▶ ACTIVITY: The entries below contain pictures, which are to be left out; write out exactly, and only, the lines from the line with "A bathroom with" up to and including the line with "ein grünes Schlafzimmer".

▶ DATA SHOWN:
━━━
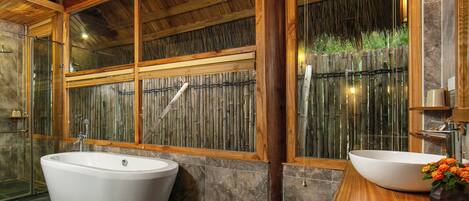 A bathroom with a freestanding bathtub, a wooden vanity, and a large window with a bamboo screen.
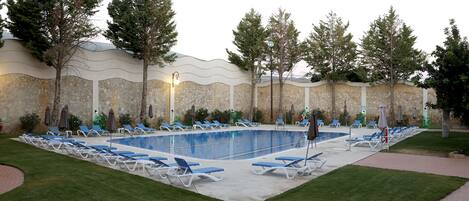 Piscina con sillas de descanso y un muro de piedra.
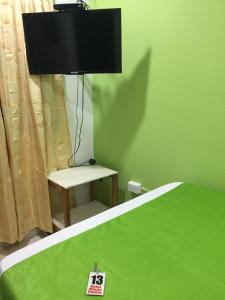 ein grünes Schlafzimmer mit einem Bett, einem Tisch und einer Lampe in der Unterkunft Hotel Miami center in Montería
━━━
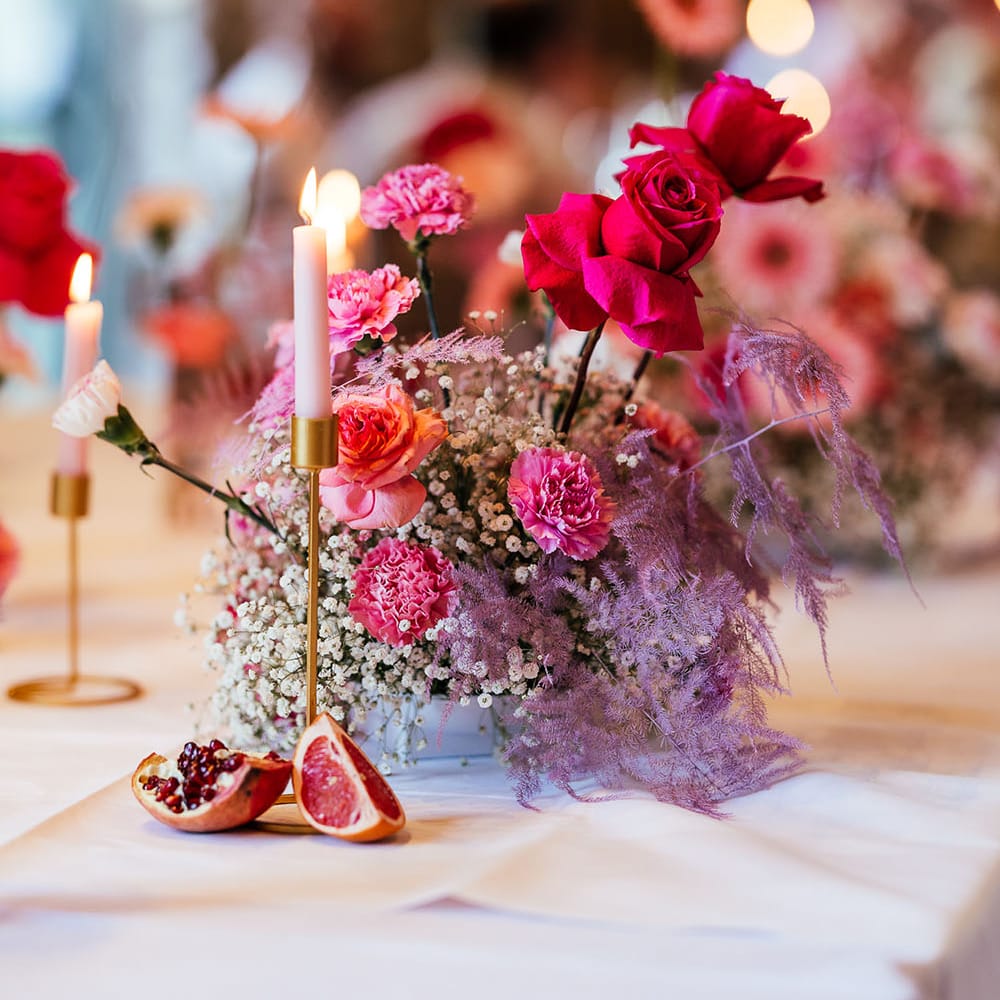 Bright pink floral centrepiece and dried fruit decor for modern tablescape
━━━
▶ RESPONSE BOX:
 A bathroom with a freestanding bathtub, a wooden vanity, and a large window with a bamboo screen.
 Piscina con sillas de descanso y un muro de piedra.
 ein grünes Schlafzimmer mit einem Bett, einem Tisch und einer Lampe in der Unterkunft Hotel Miami center in Montería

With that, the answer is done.